Be yourself, no matter what they said (sii te stesso, non importa cosa dicono gli altri) è la frase che fa da ritornello in Englishman in New York di Sting, brano dedicato proprio alla figura di Quentin Crisp. Icona gay della cultura inglese, uomo eccentrico dalla personalità esplosiva e travolgente, Quentin Crisp è riportato in vita nello spettacolo scritto da Mark Farrelly, andato in scena al teatro Belli per la ventunesima edizione di Trend, la rassegna di drammaturgia inglese contemporanea diretta da Rodolfo di Giammarco. Essere sé stessi, ostentare con eleganza e garbo la propria omosessualità, non nascondendosi dietro a ipocrisie e falsità – semmai solo dietro a un velo di trucco e a tanta intelligente ironia – è il messaggio di cui si fa portatore Luca Toracca, protagonista della pièce prodotta dal Teatro dell’Elfo di Milano.
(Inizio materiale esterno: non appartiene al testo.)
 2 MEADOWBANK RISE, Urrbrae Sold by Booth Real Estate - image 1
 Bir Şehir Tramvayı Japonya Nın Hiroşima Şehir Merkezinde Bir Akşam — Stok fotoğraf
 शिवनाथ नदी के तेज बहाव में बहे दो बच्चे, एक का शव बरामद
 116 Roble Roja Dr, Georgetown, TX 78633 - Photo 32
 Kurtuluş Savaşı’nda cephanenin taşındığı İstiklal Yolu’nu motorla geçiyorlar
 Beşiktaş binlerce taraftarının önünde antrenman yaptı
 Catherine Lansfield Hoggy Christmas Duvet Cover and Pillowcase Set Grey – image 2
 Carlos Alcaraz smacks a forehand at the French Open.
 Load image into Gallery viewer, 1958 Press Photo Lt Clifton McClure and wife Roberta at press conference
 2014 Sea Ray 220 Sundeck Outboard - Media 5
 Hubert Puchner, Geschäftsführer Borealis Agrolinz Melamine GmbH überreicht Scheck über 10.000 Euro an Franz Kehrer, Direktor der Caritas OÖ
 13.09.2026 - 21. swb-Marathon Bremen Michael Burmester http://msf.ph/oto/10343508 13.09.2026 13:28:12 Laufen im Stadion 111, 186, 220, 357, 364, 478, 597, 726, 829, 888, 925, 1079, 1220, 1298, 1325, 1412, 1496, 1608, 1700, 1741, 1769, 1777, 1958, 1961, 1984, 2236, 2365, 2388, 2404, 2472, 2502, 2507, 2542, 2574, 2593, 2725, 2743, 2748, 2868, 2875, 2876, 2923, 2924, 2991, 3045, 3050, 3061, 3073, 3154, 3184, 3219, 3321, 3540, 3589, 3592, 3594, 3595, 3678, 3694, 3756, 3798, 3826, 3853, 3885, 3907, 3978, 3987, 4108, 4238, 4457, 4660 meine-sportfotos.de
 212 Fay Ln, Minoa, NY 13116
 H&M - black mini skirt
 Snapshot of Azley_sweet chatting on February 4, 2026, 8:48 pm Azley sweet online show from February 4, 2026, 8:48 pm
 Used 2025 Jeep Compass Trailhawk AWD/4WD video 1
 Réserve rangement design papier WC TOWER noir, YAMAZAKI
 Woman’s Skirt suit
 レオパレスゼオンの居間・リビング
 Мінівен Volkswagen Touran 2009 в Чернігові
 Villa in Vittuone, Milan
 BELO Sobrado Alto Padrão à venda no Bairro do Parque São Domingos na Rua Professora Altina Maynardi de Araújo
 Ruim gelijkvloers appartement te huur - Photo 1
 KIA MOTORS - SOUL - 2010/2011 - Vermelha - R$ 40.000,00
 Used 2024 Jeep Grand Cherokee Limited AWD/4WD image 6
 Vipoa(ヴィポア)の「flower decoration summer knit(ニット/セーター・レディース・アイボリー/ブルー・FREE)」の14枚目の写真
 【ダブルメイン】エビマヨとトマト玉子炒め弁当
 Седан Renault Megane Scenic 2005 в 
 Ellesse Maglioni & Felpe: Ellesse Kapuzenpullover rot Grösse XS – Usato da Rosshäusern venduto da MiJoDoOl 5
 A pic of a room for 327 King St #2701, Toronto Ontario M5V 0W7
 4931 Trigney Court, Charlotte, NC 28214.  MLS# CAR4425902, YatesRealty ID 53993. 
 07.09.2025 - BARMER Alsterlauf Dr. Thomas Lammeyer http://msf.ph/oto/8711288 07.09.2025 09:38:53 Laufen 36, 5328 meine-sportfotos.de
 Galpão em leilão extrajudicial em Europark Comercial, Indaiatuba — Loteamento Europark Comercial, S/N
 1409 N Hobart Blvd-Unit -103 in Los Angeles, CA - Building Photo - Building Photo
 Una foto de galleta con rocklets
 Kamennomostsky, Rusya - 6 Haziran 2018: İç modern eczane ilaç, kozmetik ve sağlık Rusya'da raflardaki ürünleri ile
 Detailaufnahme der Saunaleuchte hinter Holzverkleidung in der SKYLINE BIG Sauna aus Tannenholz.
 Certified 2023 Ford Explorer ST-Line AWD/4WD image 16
La somiglianza tra attore e personaggio è notevole, se non addirittura impressionante. Viene da chiedersi quanto ci sia di Quentin Crisp in Luca Toracca. La finzione del palcoscenico svanisce e l’attore fa capolino oltre la quarta parete. Non si limita a parlare al pubblico, ma con esso crea una situazione di ascolto e interazione. Il teatro diventa così uno strumento di educazione e di lotta. Non solo una lezione di vita, condotta con tagliente ironia e distacco da tutte le sofferenze che essa porta, ma uno strumento di denuncia di tutti gli abusi, le ingiustizie, le aggressioni che ancora oggi vedono vittime tutte quelle persone che hanno come unica colpa quella di essere diversi dagli altri, dall’indistinta giudicante maggioranza.

Seguendo la lezione di Toracca/Quentin, appare chiaro che il vero talento non risiede nel saper fare qualcosa, ma nell’essere sé stessi senza vergogna. Vale quindi la regola che la vita è più difficile per chi vuole diventare sé stesso. La strada è lunga e per nulla semplice. Dal testo, narrato in prima persona seguendo l’ordine cronologico dei fatti raccontati all’imperfetto (il tempo verbale con cui si parla del passato e dei sogni), si apprende che Londra negli anni Trenta era un posto avverso agli omosessuali effeminati come Quentin. L’ostilità partiva dalla famiglia e proseguiva per strada, tra insulti, molestie e a volte percosse. Gli anni della guerra non sarebbero stati più facili. Posare nudo come modello per le scuole di arte poteva essere l’unica alternativa dignitosa alla prostituzione. Gli anni Sessanta segnarono invece un periodo di tolleranza. Ma uno come lui, abituato a sorprendere con la sua eccentricità, neanche qui trova posto.

La svolta avviene quando, quasi ottantenne, arriva a New York. La città è eccitante e lo accoglie regalandogli fama e successo. Ed è qui che si chiude la parabola straordinaria della sua vita, colorata e complessa come le sue acconciature. Un racconto che Luca Toracca incarna con consapevolezza e convinzione, esprimendolo con tutta la dolcezza di chi sa che può dare consigli. “Scoprite chi siete e siatelo, anima e corpo” grida risoluto, perché quello che conta non sono i dubbi o i rimpianti, ma cosa siamo oggi, nonostante quello che pensano gli altri.